Author: 1912212.eth, Foresight News
Original Title: The Global Stablecoin Year: A New Battlefield Between China and the United States
No one expected that in a gloomy moment of the crypto market questioning innovation, the "stablecoin super cycle" termed by Paradigm founder Matt Huang would arrive. Circle, the first stablecoin stock, has surged from $31 to over $298.99 since its listing on June 5th, creating nearly a 10-fold gain in less than half a month, with its dramatic wealth effect attracting crypto insiders to rush towards coin stocks.
Circle's stock market heat has reignited the crypto circle's focus on the stablecoin market.

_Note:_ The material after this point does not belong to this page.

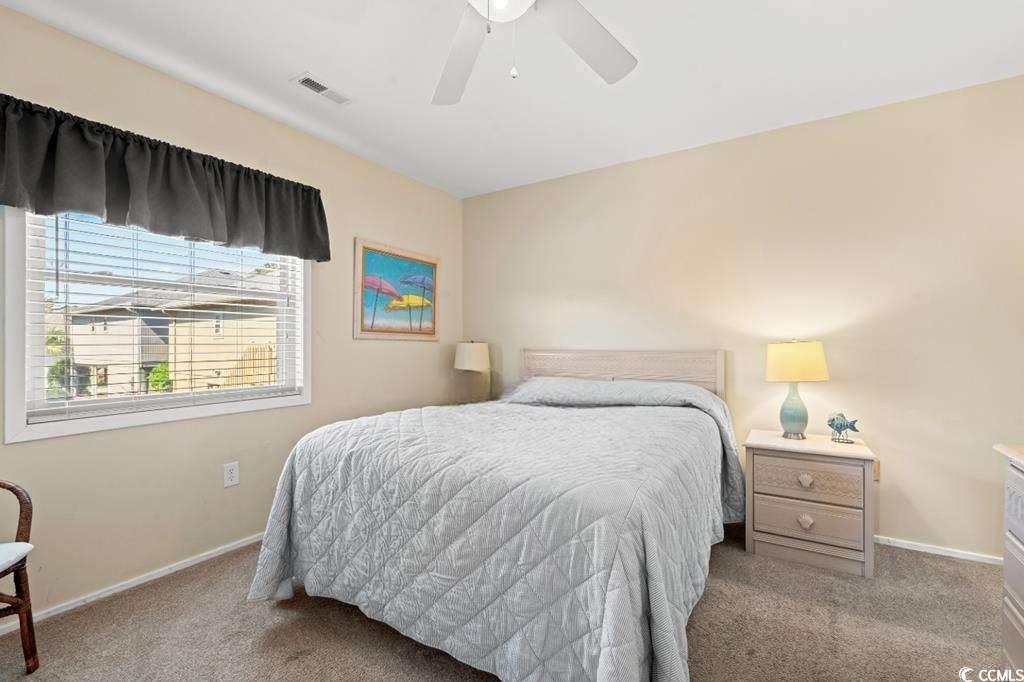 9500 Queens Court Myrtle Beach, SC 29572 - Photo 14 of 33 Bedroom with carpet flooring, visible vents, baseboards, and ceiling fan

Stablecoins were born in 2014, aimed at solving the problem of extreme price volatility in traditional cryptocurrencies. USDT, first launched by Tether, is one of the most representative stablecoins, with its value pegged 1:1 to the US dollar and supported by dollar asset reserves. The core concept of stablecoins is to use asset collateralization to maintain price stability, providing the convenience and decentralization of digital currencies while avoiding transaction risks from price fluctuations. In recent years, stablecoin adoption and application have grown exponentially, particularly in cross-border payments, DeFi, RWA, and other fields, with DeFi becoming the foundational asset for lending, staking, and yield farming.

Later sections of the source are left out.